I remembered so clearly my wedding. It was beautiful and tender and intimate and we followed it with a five week honeymoon in Europe. And the whole time we had such fun remembering the moments and the beauty and talking about what we had loved. And then we arrived home and we received the wedding photos. And suddenly, my memory of the wedding was replaced with a third person narrative of what it had looked like. I now can't remember any of it except what was photographed. So that my memory of our vows is no longer what I saw at the moment--the blinding nimbus of sun haloing Gordon's face--but an image of him and me standing aglow in the late afternoon sun. My memory now includes me--an image of me. Surreal.

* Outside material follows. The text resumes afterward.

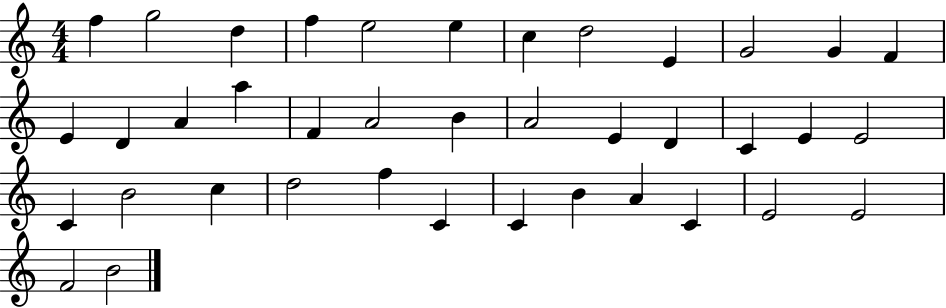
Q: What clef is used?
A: treble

And so memory--changing, grappling, rethinking the past--is important to me. Conceptually I'm intrigued by it. Emotionally I am pulled by it. Romantically I am moved by it. And it is even more interesting when connected to space. Every memory is clearly tied to the place of it's inception. Yet it is also connected to the physical space of each place it has been remembered from. So that as I type this now, I am both in the place where I first realized this, as well as walking along the path at Alamo Square park where I often thought about it, and also sitting at my computer in our old apartment in San Francisco where I first began writing about memory. In fact, we are transported to the space of memory. It is inhabitable. It is imaginary.

It is the purpose of this blog to be a total freedom for me. A space to write, and to be, and to relax without strictures. It is my own inhabitable imagined space.